Pour une République plus populaire.

Auteur Dominique Fausser, le 18 janvier 2012.

Il suffit de prendre en exemple la République Française, pour constater que le pouvoir à l’Assemblée nationale est très nettement détenu par les classes supérieures de la société.

Sur 577 députés, on ne trouve que 23 employés et fonctionnaires de catégories C, et aucun ouvrier. 17  sont agriculteurs, 22 sont des pensionnés et retraités civils, 17 sans profession déclarée et le bataillon écrasant des 498 autres députés (86 %) sont des chefs d’entreprises, des cadres salariés du secteur privé ou public, des professions libérales (avocats, médecins, consultants) ou intellectuelles (journalistes, professionnels de la politique).

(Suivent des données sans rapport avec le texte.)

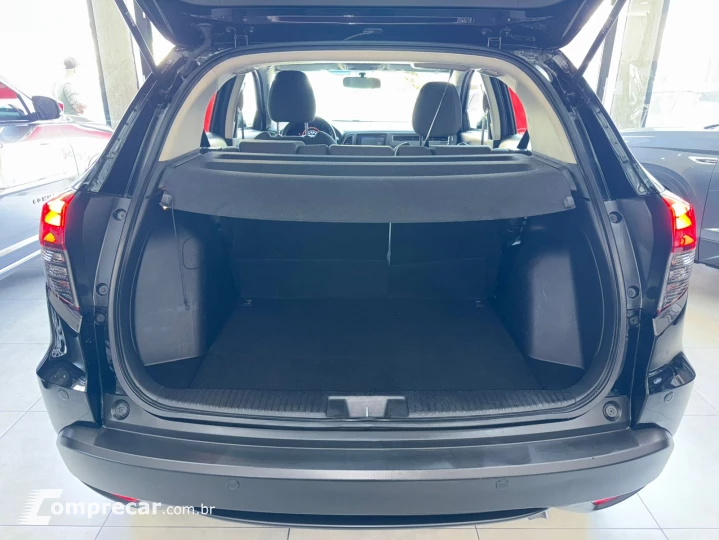 HR-V 1.8 16V EX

Ce pouvoir est aussi essentiellement masculin, malgré des lois censées favoriser la parité en politique : 82 %, des députés sont des hommes et 15 des 16 commissions parlementaires sont présidées par un homme (soit un ratio de 86 %). La seule commission présidée par une femme est celle des affaires culturelles et de l'éducation, exemple même du cliché des missions susceptibles d’être dévolues aux femmes dans une société patriarcale.

L’âge moyen des députés au 13 janvier 2012 est de 59 ans 6 mois.

Pour résumer, l’Assemblée nationale française est dominée par les classes dirigeantes patriarcales.

Certes, le pouvoir politique attire naturellement ceux qui ont l’ambition de l’exercer et l’ambition est l’un des caractères attachés aux classes dirigeantes. La conquête du pouvoir est culturellement rattachée à des valeurs guerrières, valeur essentiellement masculine.

L’exercice du pouvoir politique est donc très éloigné de la représentation sociologique fidèle de la société, comme cela se confirme dans toutes les démocraties à modèle occidental.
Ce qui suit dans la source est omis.